Stored items:
==============================
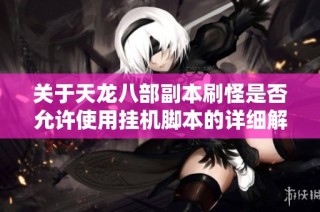 关于天龙八部副本刷怪是否允许使用挂机脚本的详细解析与讨论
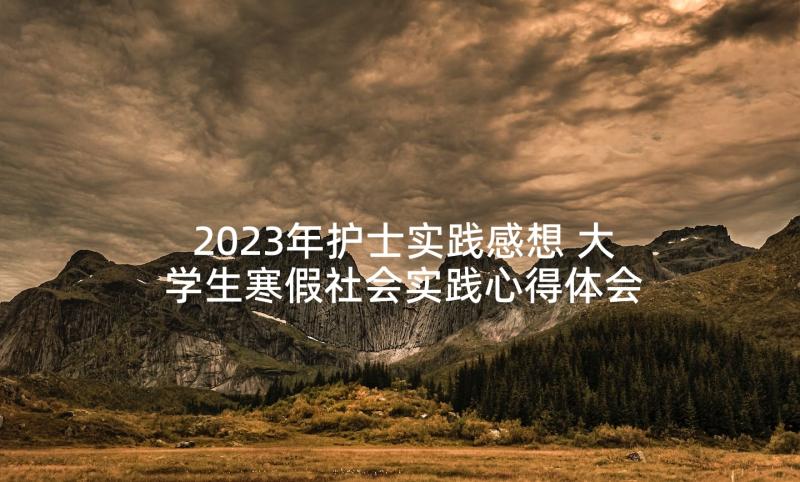 2023年护士实践感想 大学生寒假社会实践心得体会(实用6篇)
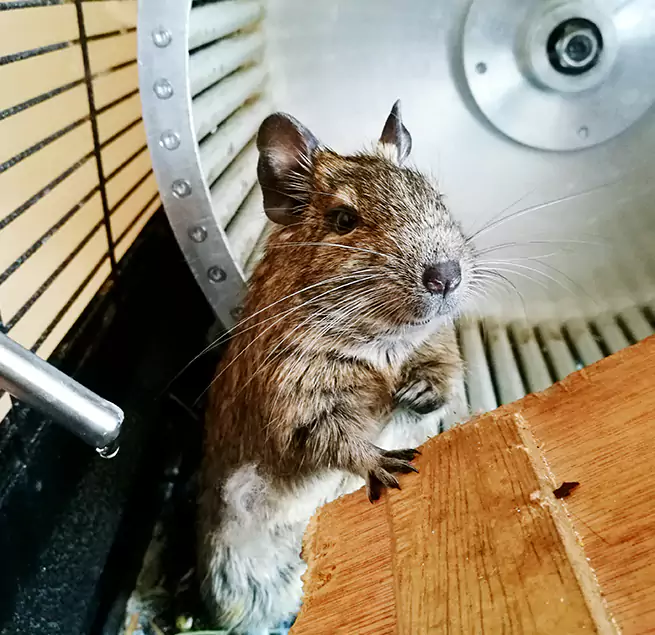 Why Homeowners & Businesses Trust Us Temple, TX?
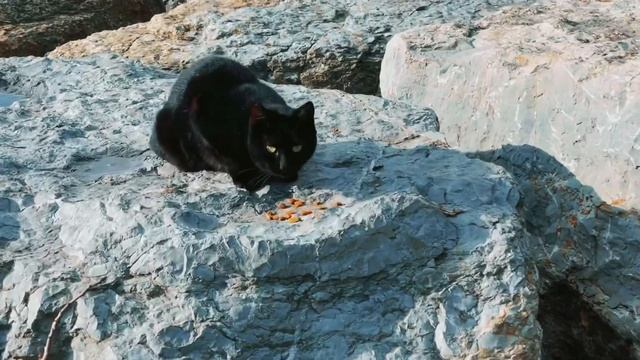 ТУРЕЦКАЯ ЕВРОПА И КОТЫ смотреть онлайн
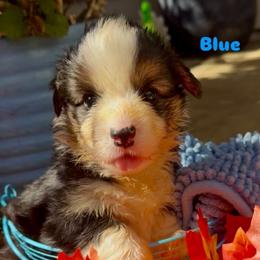 Blue - Black and tan male Pembroke Welsh Corgi puppy in Wheatland, California from Emerald Corgis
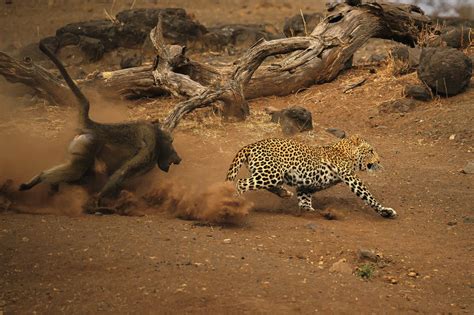 Image result for Baboon Vs Predator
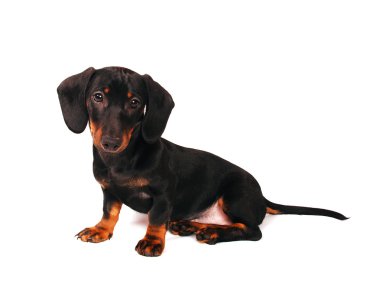 Dachshund Köpek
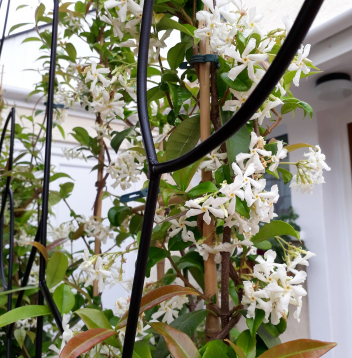 gallery/trellis detail reverse close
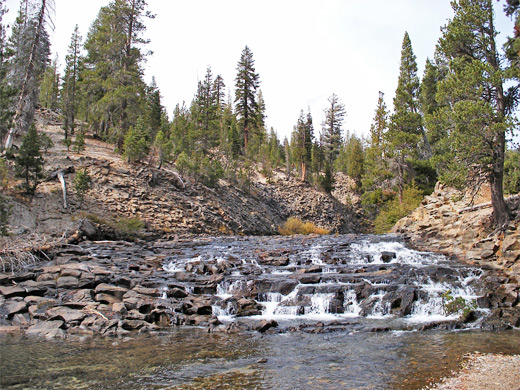 San Joaquin River, by the campsite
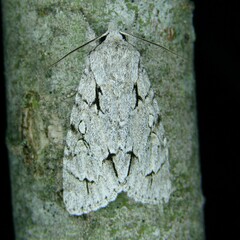Acronicta psi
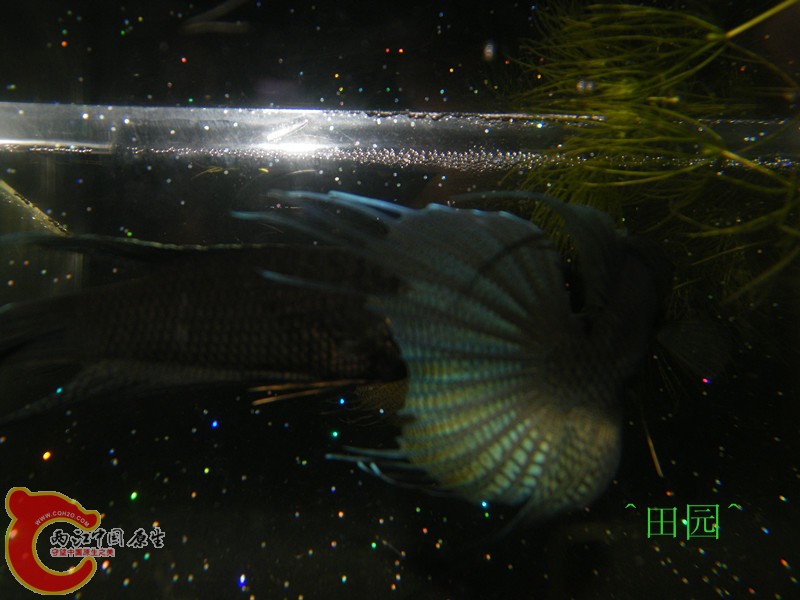 DSCF3949_副本.jpg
==============================
- WORK TASK -
Extract, word for word, each line from the one that contains "Why Homeowners &" through the final line of the data above. Leave the pictures out.

- TASK ANSWER -
 Why Homeowners & Businesses Trust Us Temple, TX?
 ТУРЕЦКАЯ ЕВРОПА И КОТЫ смотреть онлайн
 Blue - Black and tan male Pembroke Welsh Corgi puppy in Wheatland, California from Emerald Corgis
 Image result for Baboon Vs Predator
 Dachshund Köpek
 gallery/trellis detail reverse close
 San Joaquin River, by the campsite
Acronicta psi
 DSCF3949_副本.jpg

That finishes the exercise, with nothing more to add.